Este es el mundo roto en el que vivimos, de individuos desconectados, reunidos virtualmente en guetos que se refuerzan en sus convicciones, sin espacio para el intercambio, sin contacto con otras culturas. Escuchando las cuatro consignas que se repiten en orden cerrado. Una reedición de La Guerra del Fuego en nuestros días.

En Argentina, el 85% de los hogares tiene conexión fija a Internet. Sólo en abril de este año había 59 millones de celulares activos, y en marzo se contabilizaban 120 líneas de celulares cada 100 habitantes.

En estos días se escuchó hasta el hartazgo el argumento del voto “desesperado” del “50% de los argentinos sumidos en la pobreza”. Volviendo a Mayra Arena, y coincidiendo con ella, esos números resultan relativos: no se mide adecuadamente enormes segmentos de la población que se mueven y desarrollan en la economía informal. El gobierno en esto tampoco se ha mostrado capaz. Faltó refinar esos indicadores, que así presentados resultan funcionales tanto a la derecha como a la izquierda.

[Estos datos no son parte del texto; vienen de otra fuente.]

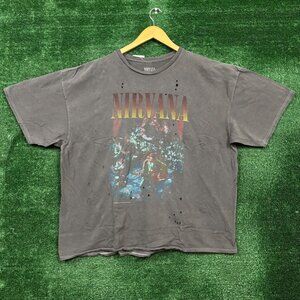 Nirvana Unplugged oversized vtg style Tshirt size one size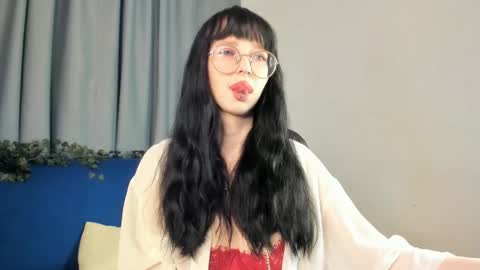 Snapshot of silvernoise chatting on May 2026 09:10:02 PM Alice online show from May 2026 09:10:02 PM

No se puede dudar de la miseria de enormes bolsones de población, pero tampoco de un consumo intensísimo en los sectores medios y bajos. Consumos de todo tipo: de alimentos y bebidas, pero también diversiones, turismo, espectáculos, ropa, eventos deportivos que no son baratos, dentro y fuera del país.

Atribuir el 56% obtenido por Milei a esa presunta pobreza podría traducirse en un error de diagnóstico para seguir buscando soluciones en el lugar equivocado.